Step 1: Measure Network RTT

Before writing any config, measure the maximum RTT between your nodes. The Raft timing parameters must be sized for your actual network:

# From the existing node, ping each new node
for ip in 10.0.0.2 10.0.0.3 10.0.0.4 10.0.0.5; do
  echo -n "$ip: "
  ping -c 20 $ip | tail -1 | awk -F'/' '{print $5 "ms avg"}'
done

For RTT_MAX ≤ 25ms (same-region nodes), use the recommended values in this guide. For higher RTT, adjust using the formulas in the configuration reference.

---

Step 2: Provision the Four New Nodes

On each of the four new machines, install the same ev-node binary version as the existing sequencer.
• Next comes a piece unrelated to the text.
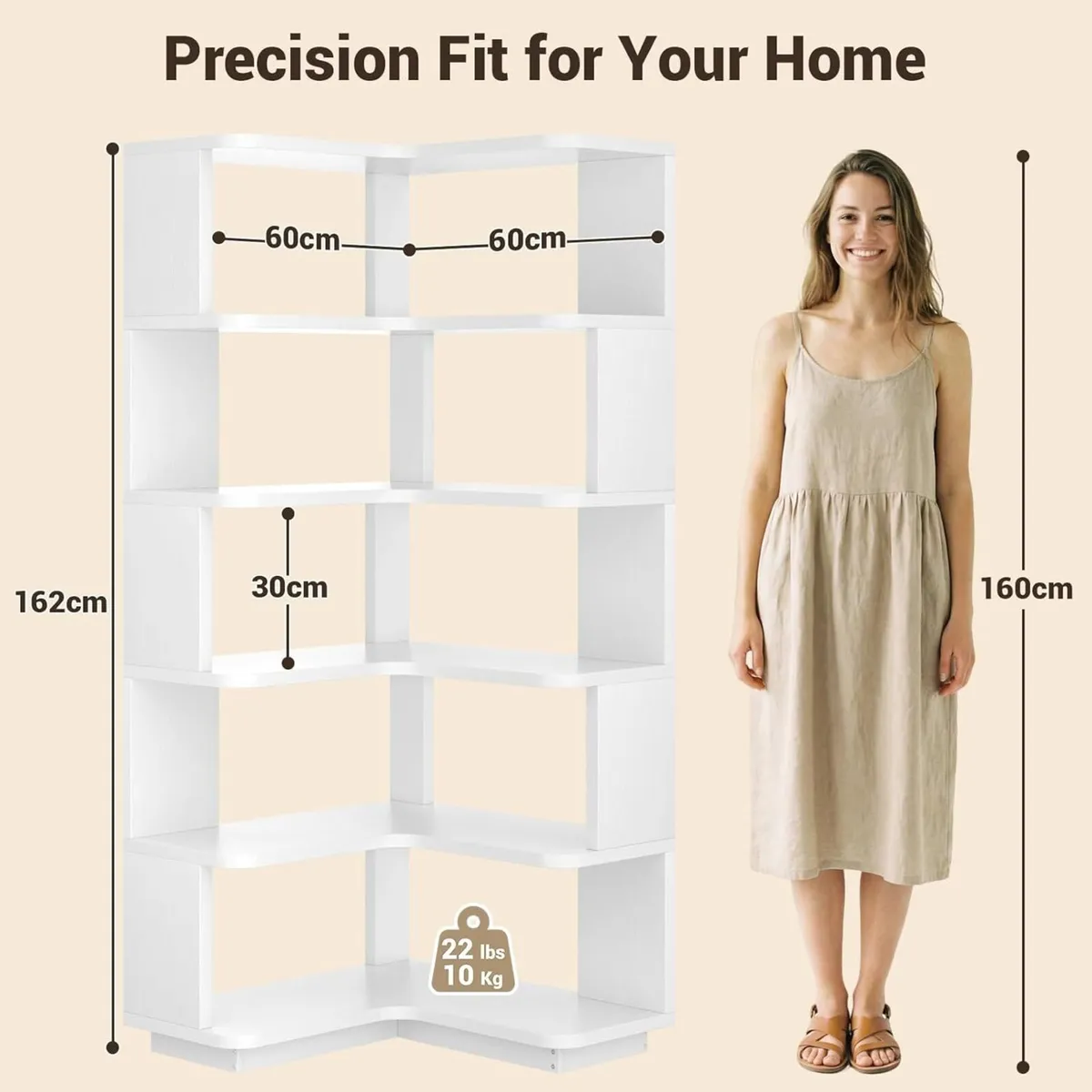 5-Tier Corner Bookshelf L-Shaped Bookcase - Image 3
# Verify the binary version matches on all machines
./evm version

Initialize each new node's home directory:

# On each new node — do NOT pass --evnode.node.aggregator here yet
./evm init

---

Step 3: Copy the Signer Key to All New Nodes

All five nodes must sign blocks with the same key. The existing sequencer's key is the one to use — do not generate new keys on the new nodes.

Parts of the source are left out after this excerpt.